Dienstag, 30. Mai 2017

Schicksal spielen

Schicksal spielen
(irgendwas tut sich jedenfalls)
Damit sich Männlein und Weiblein treffen, bedarf es oft nur eines Anstoßes. Dies aber als Helfer selber in die Hand zu nehmen, davon wird allgemein abgeraten – es führe zu nichts, heißt es. Vor drei Jahren sahen wir das ganz anders (und heute noch anders).

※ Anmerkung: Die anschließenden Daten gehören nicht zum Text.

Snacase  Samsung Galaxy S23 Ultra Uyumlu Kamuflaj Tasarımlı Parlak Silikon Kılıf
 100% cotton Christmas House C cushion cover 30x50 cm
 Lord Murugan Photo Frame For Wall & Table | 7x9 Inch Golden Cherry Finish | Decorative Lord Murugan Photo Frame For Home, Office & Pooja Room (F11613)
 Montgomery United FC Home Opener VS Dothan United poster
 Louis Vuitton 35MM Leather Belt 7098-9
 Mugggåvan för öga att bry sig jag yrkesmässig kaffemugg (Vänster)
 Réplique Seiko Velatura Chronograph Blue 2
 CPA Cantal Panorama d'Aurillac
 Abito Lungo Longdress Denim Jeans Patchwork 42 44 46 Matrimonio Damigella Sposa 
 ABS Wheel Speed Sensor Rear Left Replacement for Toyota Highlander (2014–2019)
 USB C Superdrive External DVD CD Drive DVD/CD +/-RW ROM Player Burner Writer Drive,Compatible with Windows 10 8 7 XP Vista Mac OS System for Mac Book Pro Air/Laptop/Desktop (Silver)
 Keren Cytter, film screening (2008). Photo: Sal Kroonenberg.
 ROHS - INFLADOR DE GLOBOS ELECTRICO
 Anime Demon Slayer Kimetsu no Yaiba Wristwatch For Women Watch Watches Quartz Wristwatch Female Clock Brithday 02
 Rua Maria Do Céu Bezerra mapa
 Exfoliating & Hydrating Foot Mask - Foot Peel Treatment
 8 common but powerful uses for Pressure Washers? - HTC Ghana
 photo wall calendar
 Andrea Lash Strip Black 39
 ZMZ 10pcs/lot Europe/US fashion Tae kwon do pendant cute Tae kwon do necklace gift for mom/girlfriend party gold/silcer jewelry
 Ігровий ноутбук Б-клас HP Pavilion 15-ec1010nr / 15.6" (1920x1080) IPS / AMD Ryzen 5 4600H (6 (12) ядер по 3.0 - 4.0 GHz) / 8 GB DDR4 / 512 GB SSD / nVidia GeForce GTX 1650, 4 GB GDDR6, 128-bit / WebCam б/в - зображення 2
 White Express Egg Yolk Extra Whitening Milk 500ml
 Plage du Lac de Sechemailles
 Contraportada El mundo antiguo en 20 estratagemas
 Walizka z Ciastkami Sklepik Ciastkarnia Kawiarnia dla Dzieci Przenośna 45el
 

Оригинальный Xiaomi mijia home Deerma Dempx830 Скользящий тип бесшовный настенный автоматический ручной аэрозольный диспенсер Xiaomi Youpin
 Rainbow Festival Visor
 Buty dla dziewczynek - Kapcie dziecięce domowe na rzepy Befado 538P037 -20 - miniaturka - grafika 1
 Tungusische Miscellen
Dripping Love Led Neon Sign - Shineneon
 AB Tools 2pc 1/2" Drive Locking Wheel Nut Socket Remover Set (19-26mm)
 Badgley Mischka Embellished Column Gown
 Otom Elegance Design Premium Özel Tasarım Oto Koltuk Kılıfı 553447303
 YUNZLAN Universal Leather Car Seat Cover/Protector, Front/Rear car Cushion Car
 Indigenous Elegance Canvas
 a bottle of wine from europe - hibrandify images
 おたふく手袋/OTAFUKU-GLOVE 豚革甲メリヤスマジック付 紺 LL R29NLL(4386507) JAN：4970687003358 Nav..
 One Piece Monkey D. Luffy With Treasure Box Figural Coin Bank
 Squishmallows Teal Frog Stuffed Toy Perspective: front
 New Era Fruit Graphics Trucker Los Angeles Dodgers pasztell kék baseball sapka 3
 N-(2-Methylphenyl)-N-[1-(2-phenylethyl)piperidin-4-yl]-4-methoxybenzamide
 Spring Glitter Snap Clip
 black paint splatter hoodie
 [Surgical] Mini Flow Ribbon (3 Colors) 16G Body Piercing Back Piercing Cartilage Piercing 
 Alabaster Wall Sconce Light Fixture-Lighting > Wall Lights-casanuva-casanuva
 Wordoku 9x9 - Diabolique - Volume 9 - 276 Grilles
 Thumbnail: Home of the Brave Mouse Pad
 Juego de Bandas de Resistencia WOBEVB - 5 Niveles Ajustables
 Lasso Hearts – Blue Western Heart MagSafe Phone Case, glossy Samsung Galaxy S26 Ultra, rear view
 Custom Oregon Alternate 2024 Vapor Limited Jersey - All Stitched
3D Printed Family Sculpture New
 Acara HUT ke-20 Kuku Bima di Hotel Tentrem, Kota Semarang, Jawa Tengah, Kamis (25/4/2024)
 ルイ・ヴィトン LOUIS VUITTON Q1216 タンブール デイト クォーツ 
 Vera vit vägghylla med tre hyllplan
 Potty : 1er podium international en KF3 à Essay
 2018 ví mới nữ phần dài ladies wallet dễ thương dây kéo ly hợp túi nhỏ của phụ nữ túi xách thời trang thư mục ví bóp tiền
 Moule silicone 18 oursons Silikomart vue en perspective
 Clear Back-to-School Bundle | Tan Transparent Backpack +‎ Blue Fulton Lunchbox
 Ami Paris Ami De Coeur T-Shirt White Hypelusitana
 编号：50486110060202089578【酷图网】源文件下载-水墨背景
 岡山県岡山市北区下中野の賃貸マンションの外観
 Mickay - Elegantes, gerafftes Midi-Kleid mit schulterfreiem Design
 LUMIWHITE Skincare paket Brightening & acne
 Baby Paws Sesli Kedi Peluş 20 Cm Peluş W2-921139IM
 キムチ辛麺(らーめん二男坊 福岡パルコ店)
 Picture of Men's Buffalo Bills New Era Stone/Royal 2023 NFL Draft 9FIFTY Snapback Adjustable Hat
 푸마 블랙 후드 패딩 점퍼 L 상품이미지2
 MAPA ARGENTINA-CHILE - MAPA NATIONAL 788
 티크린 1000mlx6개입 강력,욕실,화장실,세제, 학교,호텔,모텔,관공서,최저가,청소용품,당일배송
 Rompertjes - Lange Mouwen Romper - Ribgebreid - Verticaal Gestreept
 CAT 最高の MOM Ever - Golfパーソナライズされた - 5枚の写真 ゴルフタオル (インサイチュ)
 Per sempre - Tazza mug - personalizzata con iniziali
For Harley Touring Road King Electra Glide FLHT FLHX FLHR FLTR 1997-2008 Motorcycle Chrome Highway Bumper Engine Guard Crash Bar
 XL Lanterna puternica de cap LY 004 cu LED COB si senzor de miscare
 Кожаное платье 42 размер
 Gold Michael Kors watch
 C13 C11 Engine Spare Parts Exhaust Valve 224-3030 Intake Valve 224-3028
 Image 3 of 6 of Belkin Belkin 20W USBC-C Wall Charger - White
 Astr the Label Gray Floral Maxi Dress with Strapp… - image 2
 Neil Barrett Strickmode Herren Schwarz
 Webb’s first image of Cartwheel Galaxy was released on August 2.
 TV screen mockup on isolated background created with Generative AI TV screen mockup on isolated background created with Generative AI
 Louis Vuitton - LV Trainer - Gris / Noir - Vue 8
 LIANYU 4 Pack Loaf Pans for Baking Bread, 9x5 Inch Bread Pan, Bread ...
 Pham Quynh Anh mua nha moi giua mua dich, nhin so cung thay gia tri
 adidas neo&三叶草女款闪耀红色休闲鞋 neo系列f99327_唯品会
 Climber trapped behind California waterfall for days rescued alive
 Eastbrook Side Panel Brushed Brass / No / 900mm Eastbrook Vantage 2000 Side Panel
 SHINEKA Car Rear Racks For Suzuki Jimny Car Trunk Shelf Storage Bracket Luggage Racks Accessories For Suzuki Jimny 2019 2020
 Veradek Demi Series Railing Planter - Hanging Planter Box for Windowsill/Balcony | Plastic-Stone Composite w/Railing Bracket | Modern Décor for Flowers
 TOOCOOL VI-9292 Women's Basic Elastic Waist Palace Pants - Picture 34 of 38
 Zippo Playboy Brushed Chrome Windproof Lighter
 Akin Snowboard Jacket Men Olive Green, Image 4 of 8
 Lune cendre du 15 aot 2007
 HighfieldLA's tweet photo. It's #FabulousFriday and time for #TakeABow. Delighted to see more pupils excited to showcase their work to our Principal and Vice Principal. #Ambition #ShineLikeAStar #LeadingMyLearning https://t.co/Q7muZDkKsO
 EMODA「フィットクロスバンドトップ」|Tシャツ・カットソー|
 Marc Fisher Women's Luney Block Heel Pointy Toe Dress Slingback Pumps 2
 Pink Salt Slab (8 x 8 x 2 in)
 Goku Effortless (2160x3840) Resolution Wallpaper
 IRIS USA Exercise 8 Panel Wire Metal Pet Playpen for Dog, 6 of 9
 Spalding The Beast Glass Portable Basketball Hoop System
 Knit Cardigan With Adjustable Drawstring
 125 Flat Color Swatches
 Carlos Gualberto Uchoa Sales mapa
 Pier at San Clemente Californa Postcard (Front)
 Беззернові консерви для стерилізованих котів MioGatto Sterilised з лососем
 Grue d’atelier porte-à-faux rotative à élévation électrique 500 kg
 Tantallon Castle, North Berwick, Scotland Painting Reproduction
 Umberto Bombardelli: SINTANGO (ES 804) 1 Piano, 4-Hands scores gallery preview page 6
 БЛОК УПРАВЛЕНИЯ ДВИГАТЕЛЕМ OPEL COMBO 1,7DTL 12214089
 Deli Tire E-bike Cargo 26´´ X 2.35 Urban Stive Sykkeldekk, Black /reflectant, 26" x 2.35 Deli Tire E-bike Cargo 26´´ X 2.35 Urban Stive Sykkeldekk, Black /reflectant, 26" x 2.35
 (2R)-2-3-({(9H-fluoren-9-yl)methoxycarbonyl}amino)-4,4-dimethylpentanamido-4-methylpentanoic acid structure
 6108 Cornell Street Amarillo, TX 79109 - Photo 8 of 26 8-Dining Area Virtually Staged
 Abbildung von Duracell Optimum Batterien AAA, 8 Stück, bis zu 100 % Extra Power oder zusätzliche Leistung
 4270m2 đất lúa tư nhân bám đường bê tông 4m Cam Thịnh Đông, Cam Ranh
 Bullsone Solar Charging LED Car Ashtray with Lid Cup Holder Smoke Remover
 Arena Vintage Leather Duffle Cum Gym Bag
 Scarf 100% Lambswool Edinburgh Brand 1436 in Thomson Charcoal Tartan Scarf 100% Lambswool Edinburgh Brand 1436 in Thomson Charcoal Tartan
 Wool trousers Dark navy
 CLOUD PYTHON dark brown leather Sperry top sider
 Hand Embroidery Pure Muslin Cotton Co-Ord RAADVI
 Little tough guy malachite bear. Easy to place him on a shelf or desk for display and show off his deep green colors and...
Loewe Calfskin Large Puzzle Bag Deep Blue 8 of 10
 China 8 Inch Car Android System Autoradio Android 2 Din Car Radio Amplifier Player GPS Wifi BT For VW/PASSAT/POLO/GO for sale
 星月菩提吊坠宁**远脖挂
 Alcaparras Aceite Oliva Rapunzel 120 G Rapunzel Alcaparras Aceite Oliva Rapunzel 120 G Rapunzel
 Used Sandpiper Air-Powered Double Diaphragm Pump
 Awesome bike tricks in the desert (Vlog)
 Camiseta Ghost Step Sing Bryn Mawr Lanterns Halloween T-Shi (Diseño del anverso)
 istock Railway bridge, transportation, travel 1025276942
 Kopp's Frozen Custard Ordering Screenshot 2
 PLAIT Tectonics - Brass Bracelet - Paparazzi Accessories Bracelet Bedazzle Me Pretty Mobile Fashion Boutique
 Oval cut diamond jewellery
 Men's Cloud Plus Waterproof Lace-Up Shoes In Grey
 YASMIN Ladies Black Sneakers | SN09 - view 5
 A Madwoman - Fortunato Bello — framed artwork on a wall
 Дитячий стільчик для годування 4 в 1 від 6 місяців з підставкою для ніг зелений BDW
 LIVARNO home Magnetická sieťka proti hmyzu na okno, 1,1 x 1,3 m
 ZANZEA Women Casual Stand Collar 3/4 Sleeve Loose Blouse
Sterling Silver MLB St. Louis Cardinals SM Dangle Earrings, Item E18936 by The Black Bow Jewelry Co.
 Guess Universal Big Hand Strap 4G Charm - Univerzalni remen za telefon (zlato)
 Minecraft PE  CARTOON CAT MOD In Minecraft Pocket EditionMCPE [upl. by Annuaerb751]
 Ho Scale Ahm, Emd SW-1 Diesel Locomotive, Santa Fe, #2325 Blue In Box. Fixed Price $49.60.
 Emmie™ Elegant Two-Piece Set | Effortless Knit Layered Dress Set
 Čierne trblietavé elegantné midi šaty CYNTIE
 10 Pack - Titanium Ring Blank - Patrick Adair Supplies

    Wir alle kennen doch diese Mauerblümchen und solch sture Sonderlinge, Eckensteher meinetwegen. Zu unserem alljährlichen Gartenfest kommen rund 30 Leutchen, zum einen haben wir eine solide Grundbesetzung aus Freunden, Bekannten und Nachbarn - und hinzu kommt dann der eine oder andere neue Gast. Und zum festen Bestandteil, ich möchte genauer sagen: harten Kern gehört unabänderlich jedes Jahr „die UniversalGÄSTIN“ Rosemarie, die mit ihrer kleinen Tochter (wie sie an die gekommen ist, wird mir immer schleierhaft bleiben) irgendwie als Hausrat mit in unsere Beziehung eingedrungen ist (wenn es nur das Gartenfest wäre, wo sie mich nervt…sie läuft indes jedes Wochenende hier auf) – und der finstere Blick ihrer Brut macht mir geradezu Angst. Ein Horror von einem Mädchen. Mandy. Ich spreche es gerne nur in Gegenwart meiner Frau buchstabengetreu aus – M.A.N.D.Y. – klingt nach „Mann-DIE!“. Rosemaries Thema sind die Männer von ihrer schäbigsten Seite, dennoch sucht sie unverzagt weiter. Ständig höre ich von ihr „Wie geil ist das denn“ wenn ihr mal etwas gefällt, was selten der Fall ist, häufiger hingegen „Das geht ja gaaar nicht“ wenn sie was mißbilligt, und das liegt ihr schon eher. R. ist anstrengend und voller Tattos und Piercings, nach allen Regeln der Kunst auf der Höhe der Zeit sozusagen – aber sie bleibt allein mit Mandy. Was mich am allerwenigsten wundert.
 
   Zu den zahlreichen Freundinnen und Bekannten stieß vor drei Jahren mein Kollege Erwin hinzu, ProfiSINGLE wider Willen. Es war also meine Idee, gut und schön. Erwin ist ein Rotfuchs, ein schräger Vogel mit frecher Klappe und beinhart auf der Langlaufschiene sein Leben verplempernd. Es heißt, wer viel rennt, der läuft vor irgendwas davon – bei Erwin stimmt es haargenau. Aber er ist zuverlässig, das halte ich für seinen Trumpf! Sein Name reizt ein wenig zum Davonlaufen, ich spreche ihn „Örving“ aus, klingt wenigstens wie ein Bestsellerautor.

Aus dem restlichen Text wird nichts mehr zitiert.